Gorge Road bike lane improvements start Monday as eight-year project nears completion

Gorge Road bike lane improvements start Monday as eight-year project nears completion

Bike lane infrastructure improvements start Monday along Gorge Road as part of a cycling plan dating back to 2016.

“It’s pretty amazing to see,” said cycling advocate Corey Burger.

In 2016, Victoria council voted on its All Ages and Abilities Cycling Plan (AAA) to connect at least 95 per cent of the municipality to at least one of its bike routes within 500 metres. More than a dozen streets have had their bike infrastructure improved since, totalling a distance of more than 30 kilometres.

“My route to work, you know, I live in Esquimalt, riding downtown is almost all unprotected bike lanes or trails now. Between the CRD and the city, there’s just this amazing connection happening across the region,” said Burger

Gorge Road, between Government Street and Harriet Road, is next on the list to be improved.
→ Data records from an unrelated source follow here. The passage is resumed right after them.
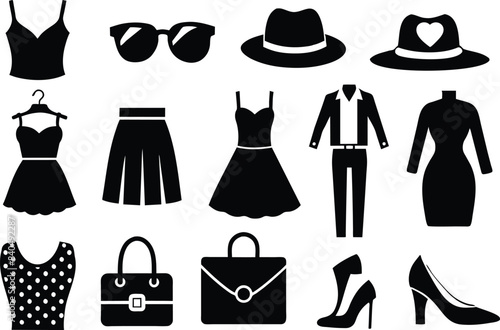 Woman Fashion Icons Set, Set of line icons related to fashion, sewing, clothing, Set of outline clothes icons. Minimalist thin linear web icon set. vector illustration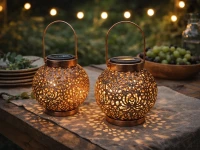 Verk 12408 Solární LED závěsný lampion se senzorem soumraku, měděný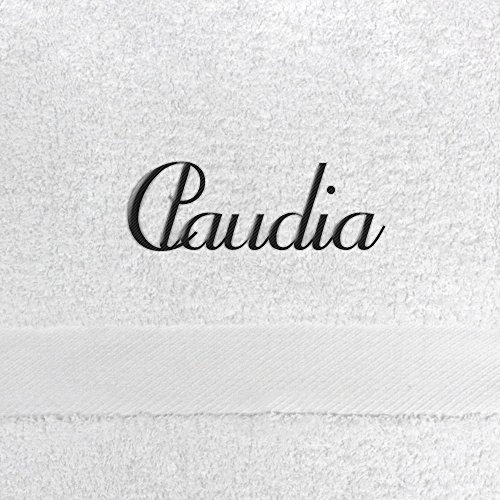 Saunahandtuch mit Namen Claudia bestickt, 100x180 cm, weiß, extra flauschige 550 g/qm Baumwolle (100%), Badetuch mit Namen besticken, Saunatuch mit Bestickung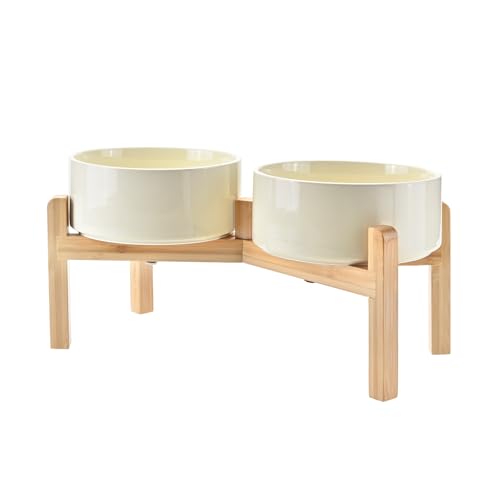 Elevated Dog Bowls Ceramic (7.3 in - 5.3 cups / Beige)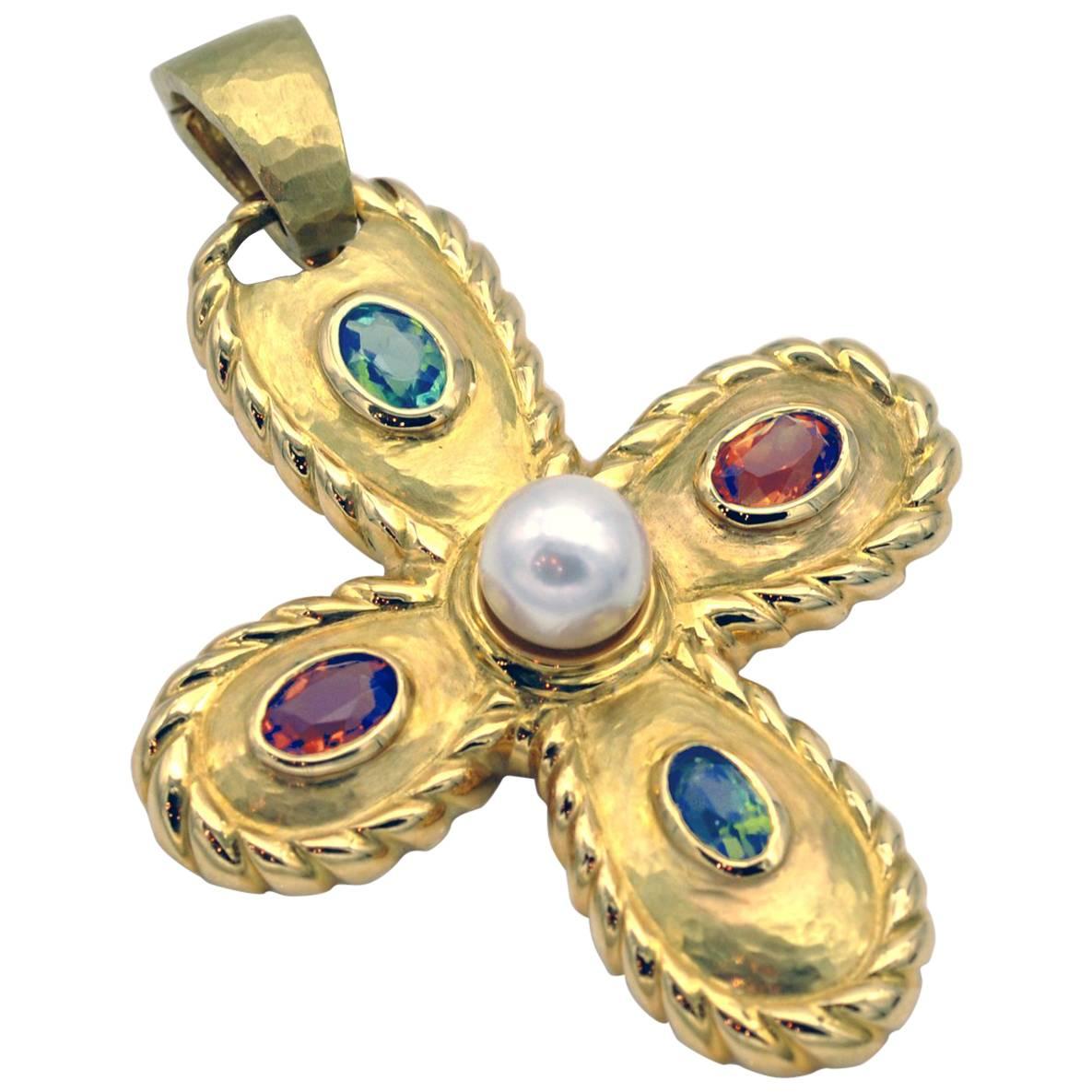Pearl Tourmaline Citrine Gold Cross Shaped Pendant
New protected bike lanes, crosswalks, and signals will be installed.

Pandora Street East is also left to be completed.

“The change is coming, the change has arrived in some areas,” said Burger.


Tens of millions of dollars have gone into the large infrastructure overhaul, while it has helped the city self-proclaim itself as the country’s cycling capital for the second time, it has garnered criticism from business owners.
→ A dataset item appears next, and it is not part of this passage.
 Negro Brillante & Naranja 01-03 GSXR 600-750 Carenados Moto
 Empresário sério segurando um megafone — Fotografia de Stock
“They’re taking away all the parking in front of my store, which is a lot of locals just stop by quickly to have a look at what’s going on in here, that’s going to be taken away and they’re not going to be able to get to me easily,” said Catawampus Fudge and Funk owner Tammy Flynn in an interview in 2017.
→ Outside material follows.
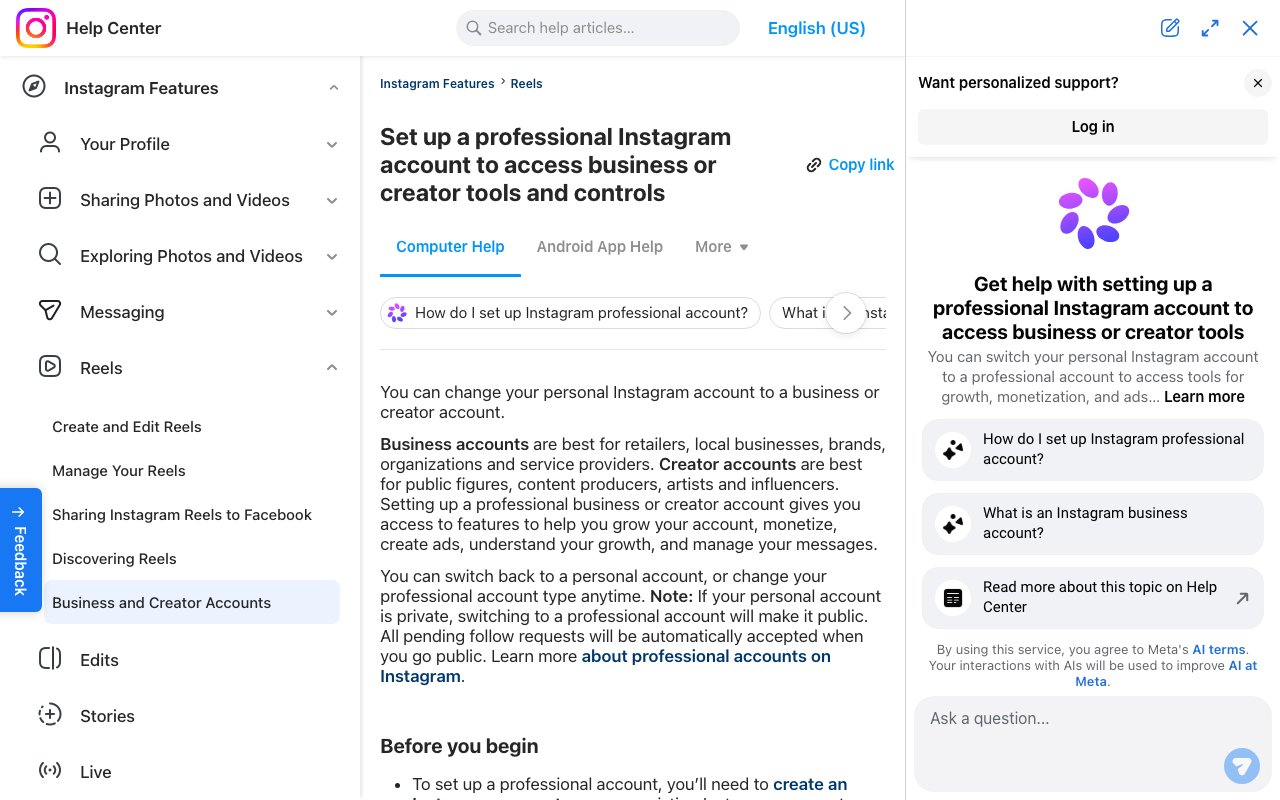 Instagram Help Center page on setting up a professional account for business or creator tools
Now, seven years since the protected bike lanes were added in front of her Wharf Street business, Flynn still wishes she could go back to when she had parking spaces.

“On a daily basis I have people come in saying that they don’t come downtown, rarely anymore, due to the fact that they can’t find a parking space,” she said Saturday.

Flynn says she’s lost customers because of the changes, citing that much of her clientele are older and don’t cycle due to health issues.

The infrastructure changes have also affected emergency services, according to her. In the past, she’s seen first responders struggle to drive down Wharf Street in an emergency because vehicles have less space to pull over.

“You get an ambulance and fire truck and police that are all stuck behind each other because there’s nowhere for the cars to pull over to let them through,” said Flynn.

Burger says these improvements are meant to change the way people travel.

“People want to ride on these major roads where the destinations like those businesses are,” said Burger.

Construction on Gorge Road begins Monday and is expected to be completed by next spring.